I've had in mind to put #ifdef
guards around them, only when they're not defined should they be supplied by us, and that we should start using the regular names (stpcpy
instead of xstpcpy
). But that would be a more invasive change at this point. My question is if I could otherwise inform gcc that xstpcpy
is exactly like stpcpy
?
P.S.: a related question: is there a flag, such as -std=c99
, which forces gcc/clang to emit a call to the standard function no matter what? I seem to remember such a thing, but can't find a reference to it now. If -std=c99
indeed disables builtin expansion, I would to know how to enable builtin expansion while keeping -std=c99
.
EDIT: Since everything seems to be a bit blurry, I've been trying some things. First of all, the code:
#include <stdio.h>
#include <string.h>
#include <stdlib.h>
int main() {
const char str[] = "we have stpcpy";
printf("static\n");
{
char p1[256];
char p2[256];
char *end1 = stpcpy(p1, str);
char *end2 = (stpcpy)(p2, str);
printf("static using stpcpy?\np1 = %s (end = %p)\np2 = %s (end = %p)\n",
p1, end1, p2, end2);
}
return 0;
}
The results (I'm on OSX, but godbolt indicates it's similar on linux):
Commandline: gcc-4.9 -O3 -save-temps -march=native stpcpy.c -o stpcpy
gcc 4.9 seems to issue a call to stpcpy_chk
in place of the stpcpy()
line, and regular _stpcpy
(the libc call) in place of the (stpcpy)()
line. I would have expected gcc to lower this into a mempcpy
as the stpcpy
builtin code in the gcc codebase made initially made me believe.
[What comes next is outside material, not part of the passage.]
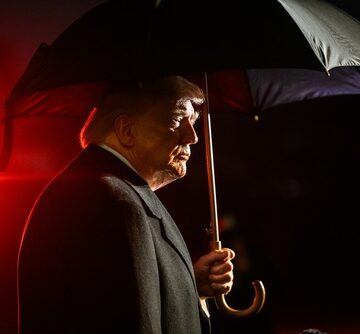 Donald Trump, holding a large black umbrella on the South Lawn of the White House, before boarding Marine One. Donald Trump, holding a large black umbrella on the South Lawn of the White House, before boarding Marine One.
Commandline: clang -O3 -save-temps -march=native stpcpy.c -o stpcpy
(XCode clang 3.4)
Clang has more or less the behaviour I was expecting from gcc. It completely optimizes out the calls to stpcpy
. Creating asm like this:
leaq -258(%rbp), %rdx
movabsq $34182044572742432, %rax ## imm = 0x79706370747320
movq %rax, -265(%rbp)
movabsq $2334402142592329079, %rcx ## imm = 0x2065766168206577
movq %rcx, -272(%rbp)
Instead of calling _stpcpy
.
I wonder if I can make gcc-4.9 do what I want. Using godbolt with different versions I haven't been able to create similar code with gcc as what clang does.